Angka 212 mempunyai makna filosofis dimana di dalam dan di luar tubuh manusia terdapat dua unsur yang saling bertentangan namun merupakan pasangan. Hal ini mewakili angka 2, dan semua unsur itu berasal dari yang 1, yaitu Tuhan yang Maha Esa.
Angka 2 dan 1 hampir mewarnai seluruh organ tubuh manusia, seperti 2 mata, 2 telinga, 1 kepala, 2 lubang hidung, 1 batang hidung, 2 bibir (atas dan bawah), 1 mulut, 2 tangan, 2 kaki, 1 tubuh. Kesemuanya itu didominasi oleh angka 2,1 dan 2. Hal inilah yang selalu mengingatkan kita bahwa semua yang ada di bumi ini adalah milik Allah. Adapun unsur di luar tubuh yang cenderung bertentangan namun berpasangan seperti pria dan wanita, air dan api, gelap dan terang, dan masih banyak lagi yang bertentangan namun berpasangan yang menggunakan angka 2. Intinya adalah, 2 unsur yang bertentangan dan berpasangan itu bersumber pada satu, Tuhan yang Maha Esa.
Saat melihat episode demi episode, banyak sekali pesan-pesan kemanusiaan yang disampaikan oleh film ini.
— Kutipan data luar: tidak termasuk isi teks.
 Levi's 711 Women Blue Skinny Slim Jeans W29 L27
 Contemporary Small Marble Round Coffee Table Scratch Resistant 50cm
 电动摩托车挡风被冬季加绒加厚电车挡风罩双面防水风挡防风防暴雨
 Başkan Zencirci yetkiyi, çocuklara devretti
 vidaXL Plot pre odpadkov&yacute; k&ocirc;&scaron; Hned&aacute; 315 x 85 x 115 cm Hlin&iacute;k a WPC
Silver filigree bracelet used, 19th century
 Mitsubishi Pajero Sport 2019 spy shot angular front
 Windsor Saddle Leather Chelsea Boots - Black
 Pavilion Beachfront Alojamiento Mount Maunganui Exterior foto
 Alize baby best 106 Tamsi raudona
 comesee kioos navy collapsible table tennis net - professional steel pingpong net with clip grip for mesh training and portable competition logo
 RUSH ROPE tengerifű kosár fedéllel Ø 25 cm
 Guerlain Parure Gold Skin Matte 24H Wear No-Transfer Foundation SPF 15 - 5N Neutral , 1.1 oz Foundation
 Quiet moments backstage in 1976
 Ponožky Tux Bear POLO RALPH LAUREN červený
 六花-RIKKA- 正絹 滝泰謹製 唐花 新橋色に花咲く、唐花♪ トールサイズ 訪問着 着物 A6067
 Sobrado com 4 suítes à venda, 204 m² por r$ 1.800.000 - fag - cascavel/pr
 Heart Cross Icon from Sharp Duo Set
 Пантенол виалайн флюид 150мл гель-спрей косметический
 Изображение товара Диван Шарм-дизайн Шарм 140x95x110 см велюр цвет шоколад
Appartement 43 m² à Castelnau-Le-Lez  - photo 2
Di antaranya adalah, kita dilarang memiliki rasa dendam kepada orang lain, sekalipun ia telah menjahati kita. Karena dendam tidak akan pernah terpuaskan. Kita juga dilarang merampas hak milik orang lain, menindas rakyat kecil, berkhianat kepada pemimpin, menyalahgunakan kekuasaan, dll. Selain larangan-larangan itu, film ini juga memperlihatkan bagaimana menjadi pemimpin yang adil, menjadi orang yang berani menyampaikan kebaikan maupun mencegah kemungkaran (amar ma'ruf nahi mungkar).
Sebagai penikmat, kita harus pandai memfilter apa-apa yang yang kita tonton. Jangan lantas kita cerna semuanya. Ibarat buah durian, kita hanya memakan bagian yang sepantasnya. Tidak mungkin kita memakan kulitnya yang berduri atau bijinya yang keras. Sama halnya dengan film ini, kita ambil hikmah yang sepantasnya, tidak harus semua. Apa yang baik seperti nilai-nilai moral, agama dan kemanusiaan kita tanamkan dalam diri kita. Dan apa yang bertentangan seperti khurofat, tahayul, pusaka sakti dan aji-ajian kita kesampingkan saja, tak usah ditelaah apalagi dipraktekkan. Itulah pentingnya disiplin ilmu, agar kita tidak asal memilih, dan akhirnya jatuh ke lubang semu. Salam 212.